======== Material to process

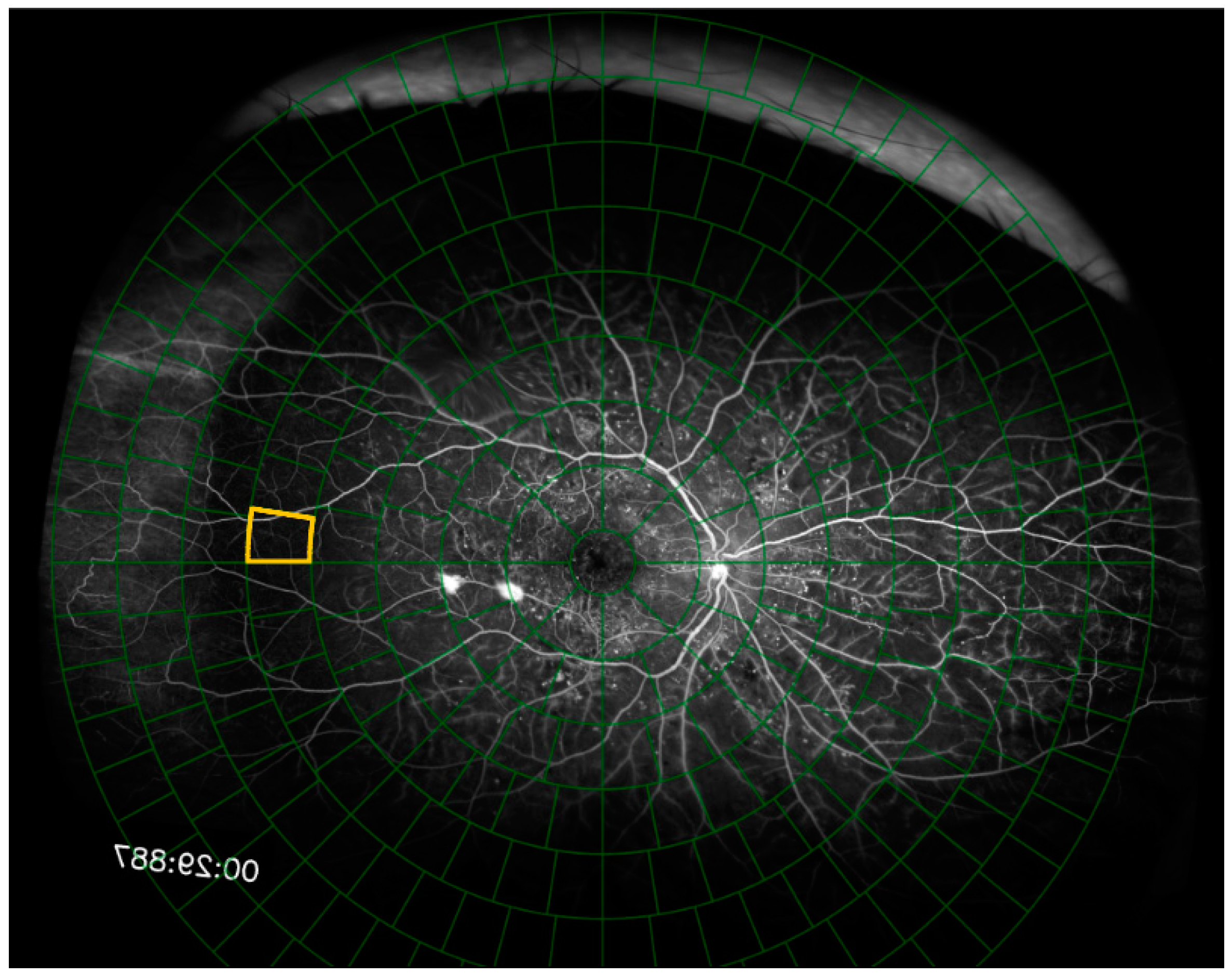 Diagnostics 15 00875 g003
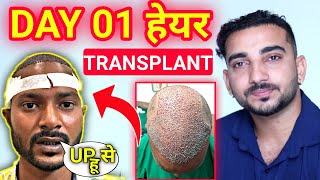 Day 01 Hair Transplant  Day One Hair Transplant Surgery  Beginning Hair Transplant [upl. by Sawtelle819]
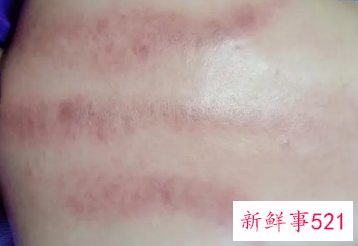 做完背部经络疏通疼好几天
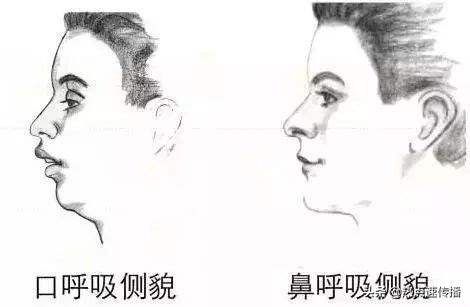 导致下巴歪的原因有哪些,下巴后缩严重的案例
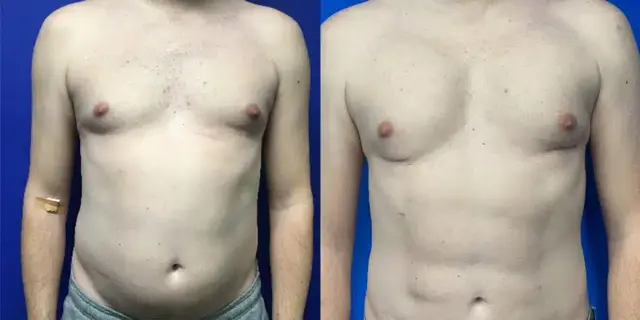 Liposuction result at Dr. Jeneby Plastic Surgery in San Antonio, TX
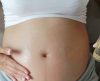 Dermatologista diz que óleo NÃO previne estrias na gravidez. Veja o que funciona! - Jornal da Franca
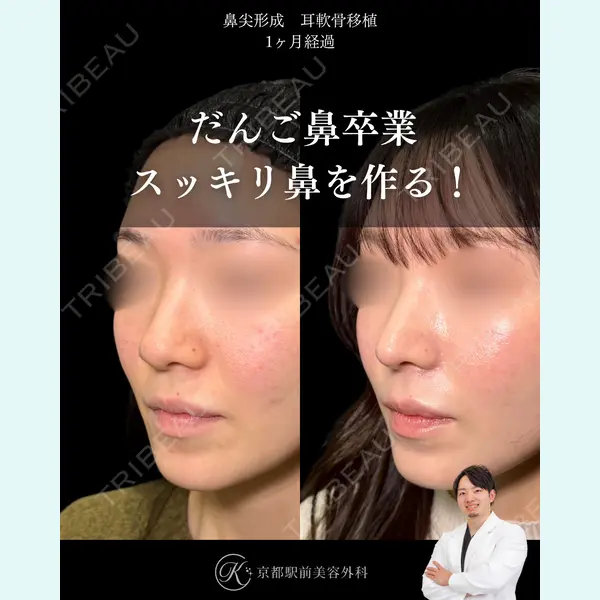 京都駅前美容外科 龍山 侑季史医師の症例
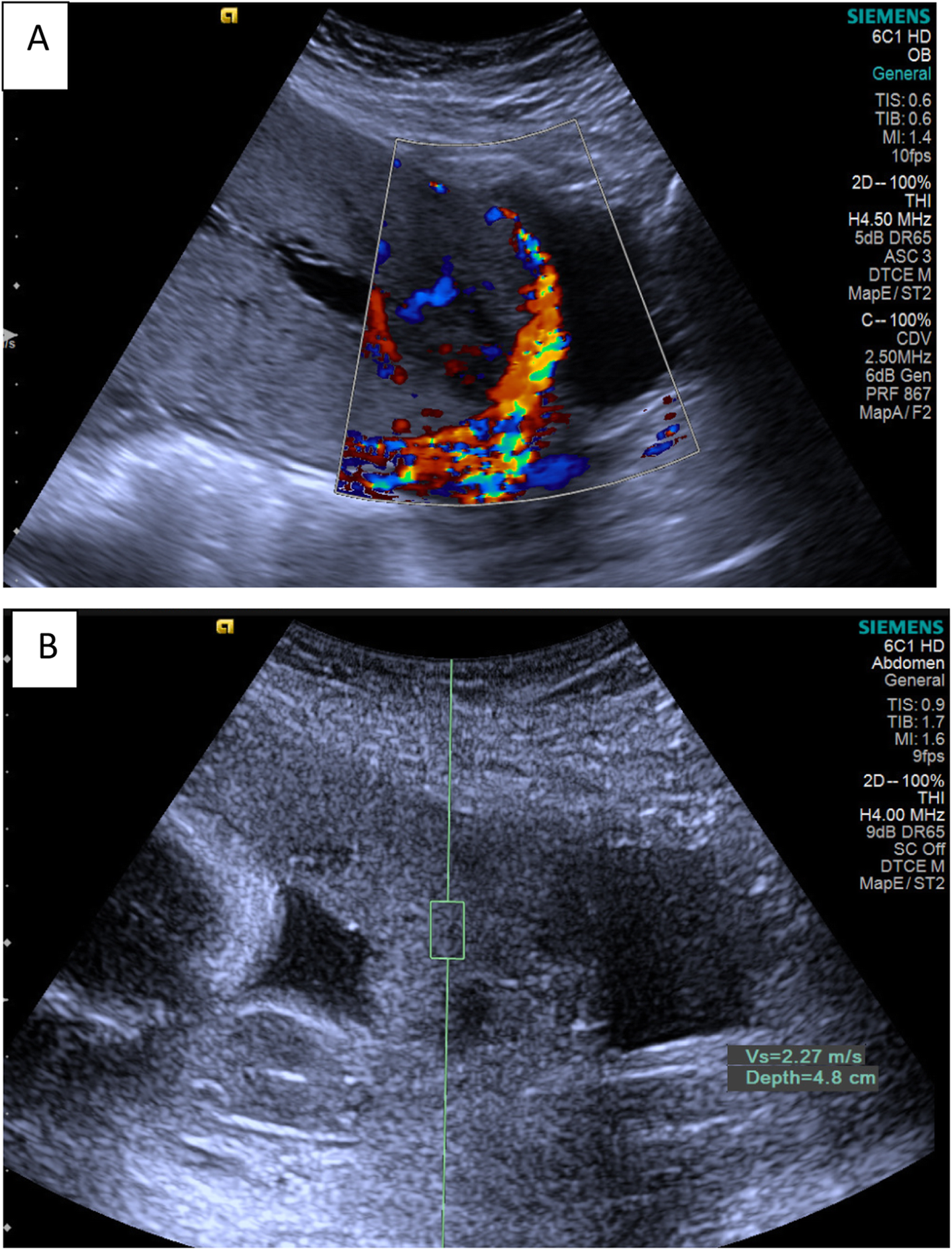 Fig. 5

================

*Required work*. Ending at the line with "Liposuction result at", reproduce exactly the lines that begin at the top of the data, and include no pictures.

*Result for this exercise*.
 Diagnostics 15 00875 g003
 Day 01 Hair Transplant  Day One Hair Transplant Surgery  Beginning Hair Transplant [upl. by Sawtelle819]
 做完背部经络疏通疼好几天
 导致下巴歪的原因有哪些,下巴后缩严重的案例
 Liposuction result at Dr. Jeneby Plastic Surgery in San Antonio, TX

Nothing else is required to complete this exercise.